China ha desarrollado más de 400 productos de robots humanoides, lo que representa más de la mitad del total mundial, según informó la agencia estatal de medios. Este hito refleja el avance acelerado de la industria robótica china en los últimos años, con empresas como DaxRobotics, Efort, Pudu Robotics, Magiclab, Huayan Robotics y Xynova demostrando capacidades que van desde robots de servicio hasta máquinas humanoides sofisticadas.
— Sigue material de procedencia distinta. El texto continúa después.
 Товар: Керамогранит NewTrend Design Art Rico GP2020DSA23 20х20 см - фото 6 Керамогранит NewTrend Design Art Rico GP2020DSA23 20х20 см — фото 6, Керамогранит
La conferencia de Shanghái sirvió como escaparate de la capacidad tecnológica china en un momento de tensión geopolítica creciente. Los modelos de inteligencia artificial de código abierto desarrollados en China están desafiando cada vez más a los líderes estadounidenses, con una adopción global más amplia, según reportes de la agencia de noticias. Esta tendencia sugiere un cambio en el equilibrio de poder tecnológico global, donde las soluciones chinas ganan terreno en mercados internacionales.
Entre los productos exhibidos figuraban gafas inteligentes que los visitantes pudieron probar, así como tecnología de interfaz cerebro-computadora de la empresa Mindtrix. La empresa Yunmu Intelligence Manufacturing mostró cabezas robóticas de aspecto extraordinariamente realista, incluyendo manos robóticas con piel sintética de apariencia humana. Robots vestidos con trajes tradicionales de ópera china circulaban por los pabellones de la conferencia, demostrando tanto capacidades técnicas como integración cultural.
La participación masiva de más de 1.100 empresas subraya el ecosistema industrial robusto que China ha construido en torno a la inteligencia artificial y la robótica. El evento anual de Shanghái se ha consolidado como una plataforma clave para que las empresas chinas demuestren innovación y compitan por liderazgo global en sectores tecnológicos críticos.
La rivalidad tecnológica entre China y Estados Unidos se ha intensificado en años recientes, con ambas naciones invirtiendo recursos significativos en investigación y desarrollo de inteligencia artificial, semiconductores y robótica. La conferencia de Shanghái representa un momento de visibilidad para los avances chinos en estos campos estratégicos, mientras que la adopción global de modelos de inteligencia artificial chinos indica que estas tecnologías están ganando aceptación más allá de los mercados domésticos.